A multi-stage training strategy is adopted: the forward and backward processes of IMSM are first trained independently to ensure accurate round-trip information transfer, followed by end-to-end joint training of the entire space-time resampling pipeline. High-frame-rate video datasets (e.g., Vimeo-90K, REDS) are used for training, with loss weights adaptively adjusted using the validation set.

Key Experimental Results

Main Results

Dataset Metric Ours RIFE FLAVR Gain
Vimeo-90K PSNR (dB) 36.82 35.61 35.94 +0.88
Vimeo-90K SSIM 0.978 0.970 0.972 +0.006
REDS PSNR (dB) 32.15 30.87 31.24 +0.91
UCF-101 PSNR (dB) 35.24 34.56 34.71 +0.53

Ablation Study

Configuration PSNR (dB) SSIM Description
Full model (IMSM + continuous resampling) 36.82 0.978 Full model
w/o IMSM (pure frame interpolation) 35.61 0.970 No motion steganography, degrades to standard VFI
w/o continuous resampling (fixed 2x) 36.34 0.975 Supports only fixed integer factors
w/o quality constraint \(\mathcal{L}_{vis}\) 36.58 0.974 Slight degradation in steganographic frame quality

Key Findings

  • IMSM provides the greatest contribution (+1.2 dB), validating the critical role of motion information preservation in reconstruction quality.
  • In high-motion scenarios (REDS dataset), the gain of IMSM is more significant (+1.28 dB) due to the higher uncertainty of motion estimation in these scenarios.
  • The PSNR difference between steganographic frames and original frames is only about 0.3-0.5 dB, which is almost imperceptible to the human eye.
  • Compared to the "2x first, then downsample" approach, continuous resampling reduces reconstruction loss by approximately 0.4 dB at non-integer factors (e.g., 1.5x).

Highlights & Insights

  • Innovative Cross-over of Steganography × Video Processing: Introducing steganography techniques from the information security field into video resampling to turn "lossy downsampling" into an "information transmission channel" is a highly ingenious idea.

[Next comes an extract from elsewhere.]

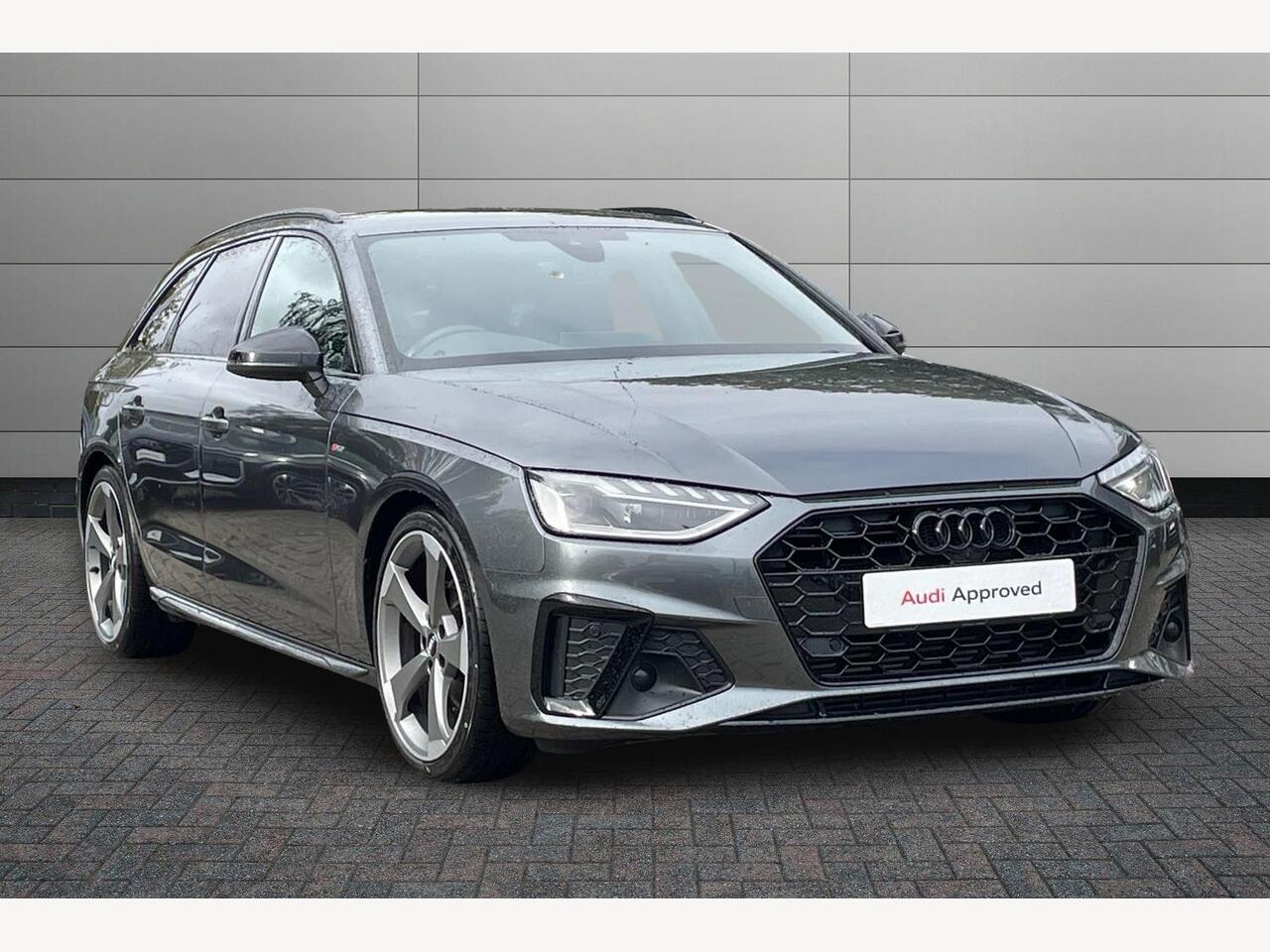 Main listing image - Audi A4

This paradigm can be generalized to any scenarios where metadata needs to be preserved during downsampling (e.g., implicit transmission of depth maps and semantic labels).
  • Lossless Round-Trip Guaranteed by Invertible Networks: The bijective property of INN theoretically eliminates information loss, offering stronger guarantees than codec-based methods.
  • Practical Utility of Continuous Resampling: Frame-rate and resolution conversion requirements in real-world scenarios are diverse. The design supporting continuous factors significantly extends the applicability of this method.

Limitations & Future Work

  • The computational overhead of invertible networks is high, and real-time performance may be limited by the forward/backward computational complexity of INN.
  • Under high-ratio compression transmission (e.g., heavily lossy video codecs), the robustness of steganographic information against interference has not been fully verified.
  • The current method mainly processes RGB videos. Extending it to other modalities, such as depth videos and event camera data, is worthy of exploration.
  • The steganographic capacity is limited. In cases of extremely complex motion fields (e.g., high-speed multi-object motion), the information bottleneck may limit recovery accuracy.
  • vs RIFE/FLAVR (Frame Interpolation): Frame interpolation methods like RIFE and FLAVR can only infer intermediate frames from adjacent frames, making them prone to failure in occlusion and fast-motion scenarios. Ours bypasses the bottleneck of motion estimation by explicitly transmitting motion information.
  • vs EDSC/TMNet (Temporally-Enhanced VFI): These methods enhance temporal consistency through warping alignment, but essentially still "guess" motion. IMSM provides the "answer" rather than a "guess".
  • vs HiNeRV (Implicit Video Representation): HiNeRV encodes the entire video using implicit representations for compression but does not support flexible space-time resampling. The ideas from both can be combined.

Rating

  • Novelty: ⭐⭐⭐⭐⭐ The cross-disciplinary innovation combining steganography with video resampling is highly novel.
  • Experimental Thoroughness: ⭐⭐⭐⭐ Validated on multiple datasets with comprehensive ablation studies, though lacking real-time performance analysis.
  • Writing Quality: ⭐⭐⭐⭐ Clear method descriptions and well-justified motivations.
  • Value: ⭐⭐⭐⭐ Provides a brand-new paradigm for video resampling with practical application prospects.